Если журналисты достаточно давно обсуждают тему рисков, то российские социологи вопрос рисков в социологии, подняли относительно недавно, в начале 21 века. Связано это было не столько с выборами и недоверия людей к социологам, вовлеченным в измерение рейтингов, а также с развитием публичной социологии, которая прекрасно ложится на нашу культурную традицию: «русская интеллигенция никогда не признавала «этоса» кабинетной учености, знания ради знания, желая нести прометеев огонь синтезированной правды-истины / правды-справедливости людям».

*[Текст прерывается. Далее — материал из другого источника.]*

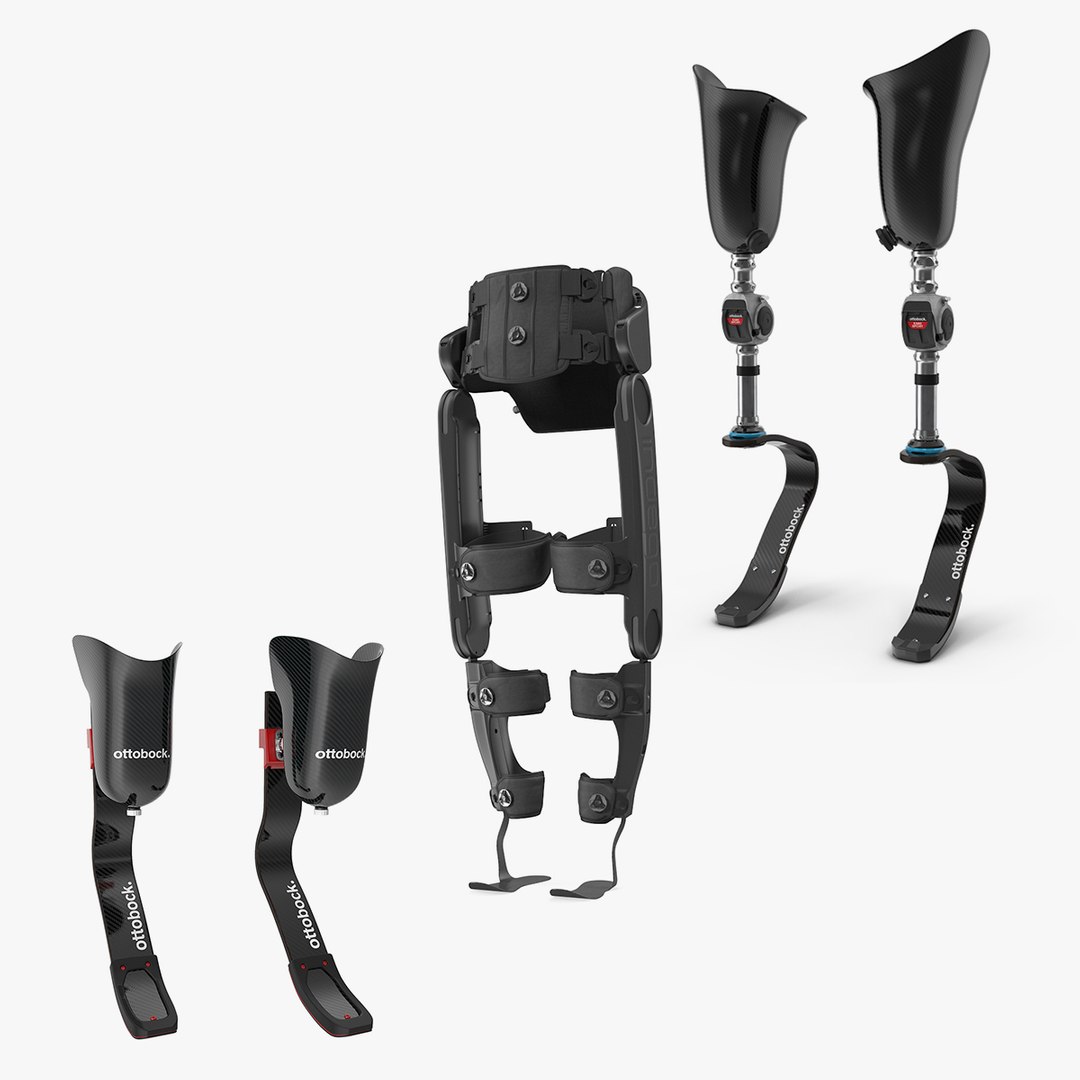Prosthetic Legs Collection 3D model preview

В свете последних событий на Украине и обнажения слабых мест социологов, работающих с политтехноллогами — для решения задач своего кандидата, предлагаем статью Евгения Большова «Риски социологии военного времени»
Риски социологии военного времени
Евгений Большов
Революционно-военные события последних шести месяцев в Украине заставили работать по-новому представителей многих профессий, связанных с политикой. Журналистам пришлось в срочном порядке изучать правила безопасного поведения в «горячих точках» и определяться, кто они — все еще журналисты или уже политические активисты. Политтехнологи и рекламисты были вынуждены запускать избирательные кампании «с колес» и в крайне сжатые сроки (не всегда удачно).
Условия работы социологов также изменились не в лучшую сторону. Политический конфликт, продолжающийся с 30 ноября прошлого года, сильно повлиял на среду работы исследователей общественного мнения. Хотелось бы ошибаться, но пока что риски для качества исследований и репутации социологов, связанные с нестабильностью в стране, недооцениваются. По крайней мере, никаких заявлений профессиональных объединений социологов или самих исследователей об изменившихся условиях работы нет. Пресс-релизы с данными пишутся так, как будто в стране не было революции, аннексии Крыма и, по сути, гражданской войны на Востоке. Но политтехнологи уже используют сложившуюся ситуацию для дискредитации неудобных им результатов опросов. Сполна воспользовался такой возможностью, например, Игорь Жданов, входящий в избирательный штаб Юлии Тимошенко, в своей колонке под названием «Лукавые цифры президентских «рейтингов».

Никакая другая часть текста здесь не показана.